Regardless, foleycore is lacking serious conceptual knowledge if he's trolling workstation keyboard forums. He needs to move his blathering over here:
http://forums.rolandclan.info/index.php ... _all&fid=3
Or here:
http://www.mvnation.com/phpBB/viewforum ... 66efa93deb
the VA in the MPC5000 was directly lifted from the Alesis Fusion synth which was the best virtual analog i have ever heard and is itself based on the Alesis Ion which got rave reviews.
I thought it was Alesis and
Waldorf. Guess you pulled the whole Waldorf and Sony Oxford thing out of thin air, huh?
you have your facts wrong, as you can indeed pick a sound or any group of sounds from a single pad, in fact you can PLAY a sound or any GROUP of sounds from a single pad.
Not like a workstation. You can't, say, pull up a piano patch and a string patch, plug in a keyboard, and play both simultaneously in a live context. All routing is performed through the sequencer, and you're only playing the destination for the currently selected track. The only way to layer a piano and strings is to custom-build a multilayered multisample, which is
extremely time consuming.
Again, this isn't a disadvantage; it simply reflects the inherent differences between boxes like the MPC and proper keyboard workstations.
It has been well proven that sounds that are compressed DO NOT translate well to extra compressed formats such as MP3, AAC etc so you've got trouble buddy boy.

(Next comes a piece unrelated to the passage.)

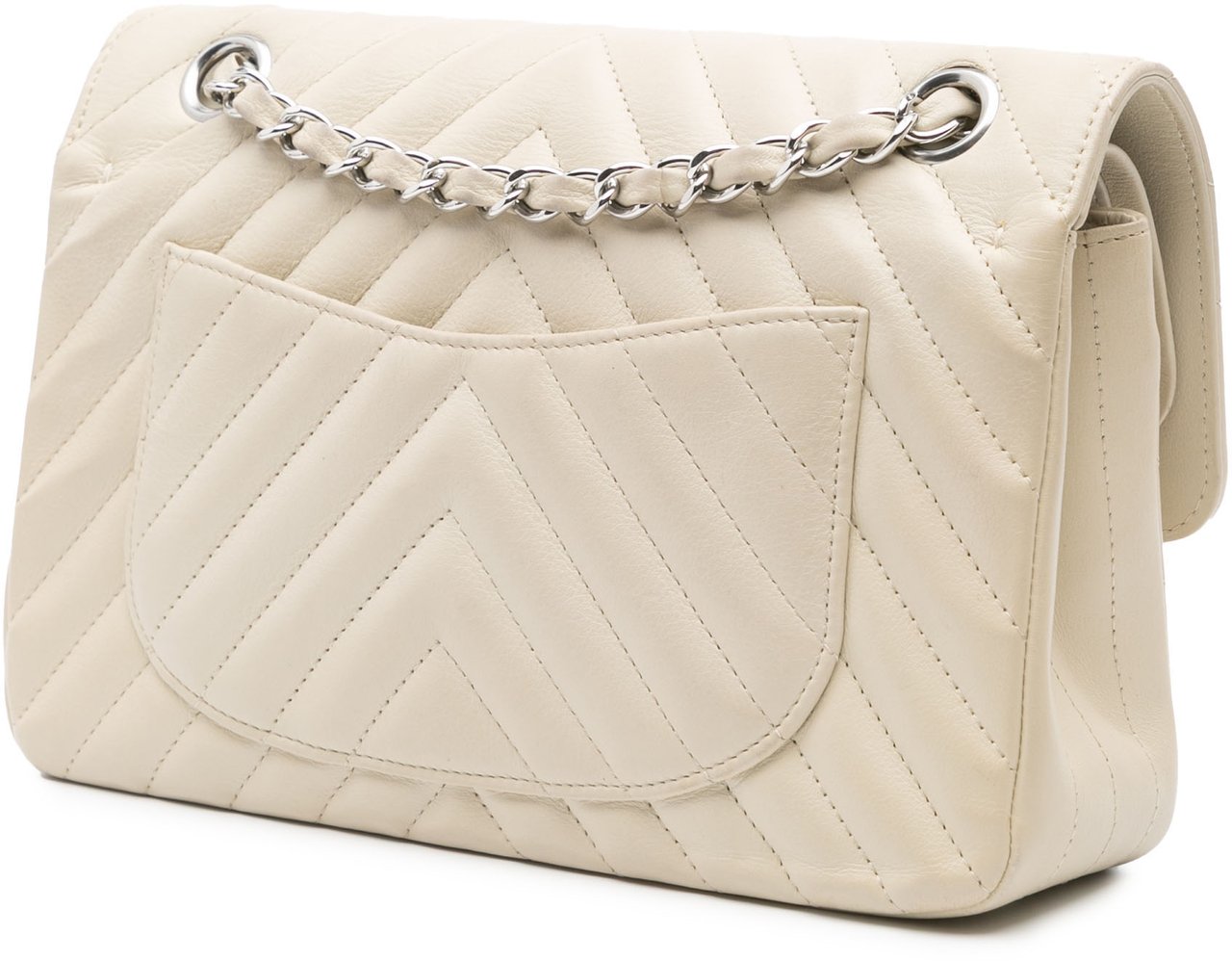 Chanel Small Classic Chevron Lambskin Double Flap Wit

Huh? Proven where? Give me one source. Besides, Roland's scheme is
nothing like MP3 compression. You might want to read up on what data compression really means and how various schemes differ.
your fantom doesn't have grid recording but the 5000 does plus we have step piano roll pattern and linear, are you telling me akai hasn't worked out a streamlined user interface, i think you better wake up out of that misguided dream. you're getting it all wrong.
Sigh... Foleycore, buddy. Seriously. Are you scared of the MV or something? Why do you keep mentioning the Fantom-G? It's like you're picking on some freshman, while hopelessly oblivious of his 250-pound buff brother standing behind him.
One more time: Compare the MPC with the MV-8800, because they're the
same TYPE of product.
Truth be told, I think Akai made a smart move—They returned to their roots. Instead of trying to compete with vastly superior software sequencers (or the MV's sequencer), they focused more on simplicity and elegance. Their primary market is existing MPC users who can't bother learning a new workflow (which, admittedly, is huge). The new features are welcome, and the thing sounds very good. It's still not a workstation (because it's not
supposed to be), and it's not an MV-8800 either. It's the best MPC Akai's ever made, which for many, is good enough.